I know how you can get rid of those loops, but you're not going to like it.
The problem is that this use of interp1d gives you essentially a matrix-valued function interpolated over a 1d domain, i.e. an F(x) function where for each scalar x you have a 2d-array-shaped F. The interpolation you're trying to do is rather this: creating an individual interpolator for each (lat,lon) pair of yours. This is more along the lines of F_(lat,lon)(x).
The reason this is a problem is that for your use case you're computing the matrix-valued F(x) for each of your query points, but then carry on to discard all of the matrix elements except for a single one (element [lat,lon] for a query point corresponding to this pair). So you're doing a bunch of unnecessary calculations computing all those irrelevant function values. The problem is that I'm not sure there's a more efficient way.
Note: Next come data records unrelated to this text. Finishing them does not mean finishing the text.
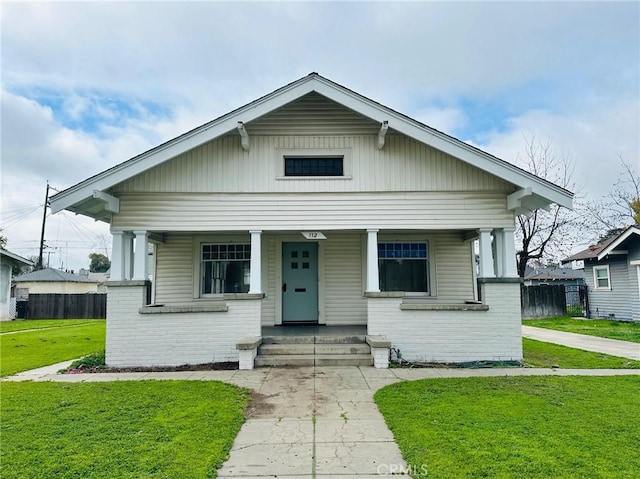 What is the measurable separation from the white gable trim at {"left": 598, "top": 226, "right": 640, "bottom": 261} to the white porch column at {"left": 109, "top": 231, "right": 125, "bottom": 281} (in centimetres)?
1841

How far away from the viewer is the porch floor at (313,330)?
8291 mm

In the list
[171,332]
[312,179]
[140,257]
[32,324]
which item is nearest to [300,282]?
[312,179]

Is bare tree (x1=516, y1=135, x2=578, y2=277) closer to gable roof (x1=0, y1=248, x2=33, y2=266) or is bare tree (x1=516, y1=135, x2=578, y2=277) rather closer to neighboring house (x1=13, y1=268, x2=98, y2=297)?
gable roof (x1=0, y1=248, x2=33, y2=266)

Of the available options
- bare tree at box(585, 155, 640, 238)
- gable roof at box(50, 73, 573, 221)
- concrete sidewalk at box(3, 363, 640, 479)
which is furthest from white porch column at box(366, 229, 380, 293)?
bare tree at box(585, 155, 640, 238)

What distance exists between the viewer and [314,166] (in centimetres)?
836

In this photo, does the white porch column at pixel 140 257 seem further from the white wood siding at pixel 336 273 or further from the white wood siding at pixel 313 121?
the white wood siding at pixel 313 121

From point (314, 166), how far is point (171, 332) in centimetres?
447

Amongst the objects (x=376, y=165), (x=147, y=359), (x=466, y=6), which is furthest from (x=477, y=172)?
(x=147, y=359)

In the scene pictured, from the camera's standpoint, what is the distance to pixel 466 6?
965cm

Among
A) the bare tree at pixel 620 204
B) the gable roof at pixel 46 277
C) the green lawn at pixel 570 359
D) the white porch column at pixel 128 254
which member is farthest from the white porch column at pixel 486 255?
the gable roof at pixel 46 277

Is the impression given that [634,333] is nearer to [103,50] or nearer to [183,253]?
[183,253]

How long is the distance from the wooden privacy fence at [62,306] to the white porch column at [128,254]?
1569 cm

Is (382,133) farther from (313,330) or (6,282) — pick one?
(6,282)

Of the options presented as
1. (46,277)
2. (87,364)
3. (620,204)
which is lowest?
(87,364) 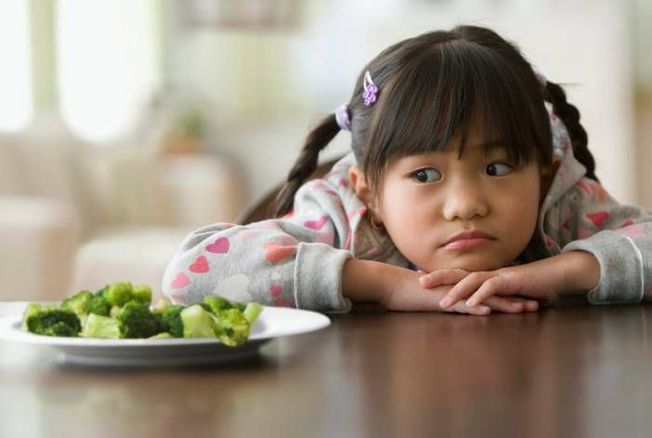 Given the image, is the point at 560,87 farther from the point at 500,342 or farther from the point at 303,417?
the point at 303,417

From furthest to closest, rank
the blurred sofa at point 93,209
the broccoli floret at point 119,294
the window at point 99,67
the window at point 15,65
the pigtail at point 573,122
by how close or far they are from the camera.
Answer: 1. the window at point 99,67
2. the window at point 15,65
3. the blurred sofa at point 93,209
4. the pigtail at point 573,122
5. the broccoli floret at point 119,294

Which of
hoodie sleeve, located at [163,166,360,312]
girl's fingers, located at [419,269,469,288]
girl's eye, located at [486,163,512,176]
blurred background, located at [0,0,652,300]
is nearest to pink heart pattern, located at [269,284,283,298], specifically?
hoodie sleeve, located at [163,166,360,312]

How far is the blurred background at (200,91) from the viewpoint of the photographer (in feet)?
15.9

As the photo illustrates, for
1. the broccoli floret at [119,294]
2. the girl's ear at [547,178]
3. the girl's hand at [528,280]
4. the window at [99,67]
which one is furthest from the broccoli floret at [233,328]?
the window at [99,67]

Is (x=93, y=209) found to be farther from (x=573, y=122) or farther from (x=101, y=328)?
(x=101, y=328)

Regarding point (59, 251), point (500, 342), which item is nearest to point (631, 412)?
point (500, 342)

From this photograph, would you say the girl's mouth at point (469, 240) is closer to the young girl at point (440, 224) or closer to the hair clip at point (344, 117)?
the young girl at point (440, 224)

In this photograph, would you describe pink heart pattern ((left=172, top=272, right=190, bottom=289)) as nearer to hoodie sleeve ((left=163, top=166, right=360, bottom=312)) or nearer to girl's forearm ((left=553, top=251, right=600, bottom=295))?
hoodie sleeve ((left=163, top=166, right=360, bottom=312))

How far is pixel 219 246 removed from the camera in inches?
53.9

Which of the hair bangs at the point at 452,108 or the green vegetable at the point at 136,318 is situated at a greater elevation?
the hair bangs at the point at 452,108

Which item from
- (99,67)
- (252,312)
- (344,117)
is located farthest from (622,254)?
Answer: (99,67)

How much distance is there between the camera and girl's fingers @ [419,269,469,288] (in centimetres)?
128

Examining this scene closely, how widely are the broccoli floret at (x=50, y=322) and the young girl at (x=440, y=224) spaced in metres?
0.38

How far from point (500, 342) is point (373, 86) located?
0.54 metres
Your use case can be fixed with appropriate memory behind your back. The fact that your loops run for hours suggest that this will not really be possible for your use case, but anyway I'll show this solution. The idea is to turn your 3d array into a 2d one, do the interpolation with this shape, then take the diagonal elements along the effective 2d subspace of your interpolated result. You will still compute every irrelevant matrix element for every query point, but instead of looping over your arrays you'll be able to extract the relevant matrix elements with a single indexing step. The cost of this is to create a much larger auxiliary array, which will most likely not fit into your available RAM.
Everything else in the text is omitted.